简体繁体 English

使用 FastText 进行多标签分类

[英]Multi-label classification with FastText

原文 2022-03-03 13:51:50 0 2 python/ nlp/ multilabel-classification/ fasttext

I was wondering if FastText is able to deal with multi-labelled data?我想知道 FastText 是否能够处理多标签数据？ Could someone share a simple example along with a confusion matrix (true vs predicted labels)?有人可以分享一个简单的例子和混淆矩阵（真实标签与预测标签）吗？ I have already taken a look at FastText documentation page.我已经看过 FastText 文档页面。

Thank you in advance先感谢您

2 个解决方案

This section describes multi label classification : https://github.com/facebookresearch/fastText/blob/main/docs/supervised-tutorial.md#multi-label-classification本节介绍多label分类： https://github.com/facebookresearch/fastText/blob/main/docs/supervised-tutorial.md#multi-label-classification

A convenient way to handle multiple labels is to use independent binary classifiers for each label.
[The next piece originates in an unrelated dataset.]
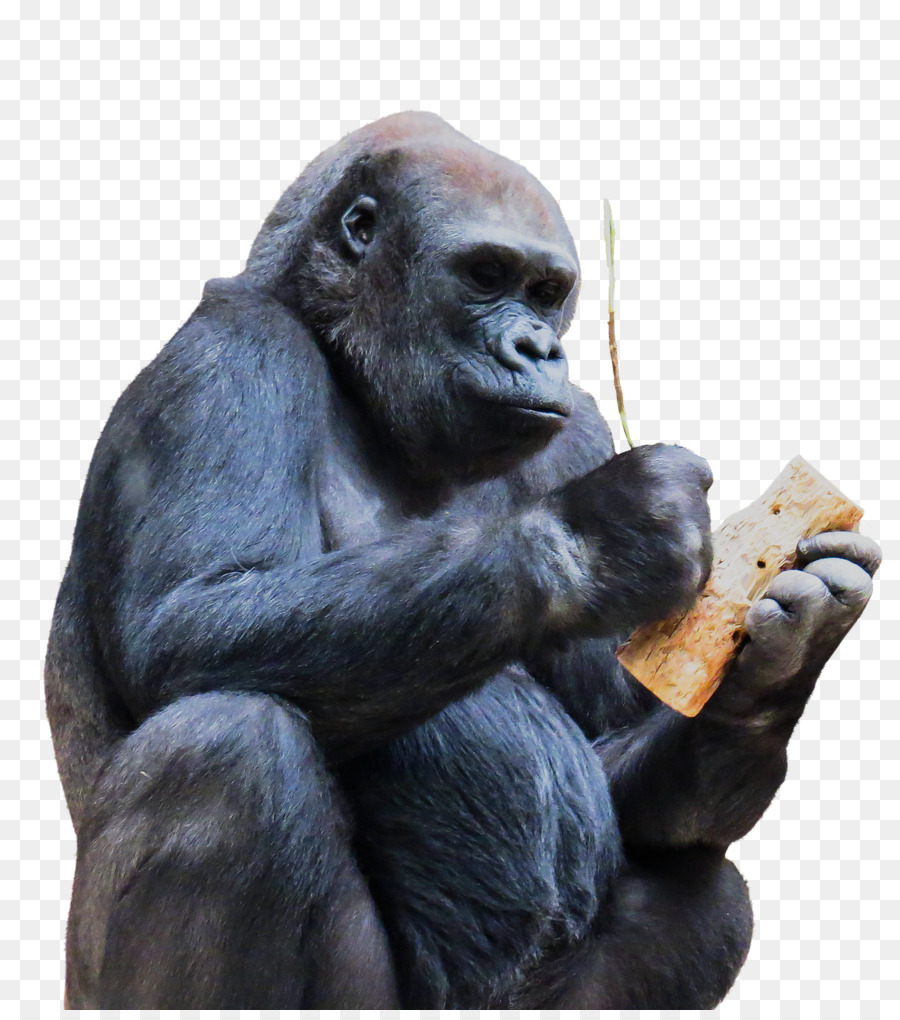 Chimpanzé，Gorille PNG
This can be done with -loss one-vs-all or -loss ova .处理多个标签的一种便捷方法是为每个 label 使用独立的二进制分类器。这可以通过-loss one-vs-all或-loss ova来完成。

Preparing training data准备训练数据

That has been described at the end of the section Installing fastText这已在安装 fastText部分的末尾进行了描述

Each line of the text file contains a list of labels , followed by the corresponding document .文本文件的每一行都包含一个标签列表，后面是相应的文档。 All the labels start by the __label __ prefix, which is how fastText recognize what is a label or what is a word.所有标签都以__label __前缀开头，这就是 fastText 识别 label 或单词的方式。

The docs, & the format for supplying labeled text, only seem to mention a single label per text.文档和提供标签文本的格式似乎只提到每个文本一个 label。

You could try repeating the same text more than once in your training data, each time with one of the appropriate labels.您可以尝试在训练数据中多次重复相同的文本，每次都使用适当的标签之一。 (You might want to re-shuffle the training data so that such repeated texts don't appear directly alongside each other.) （你可能想重新打乱训练数据，这样重复的文本就不会直接并排出现。）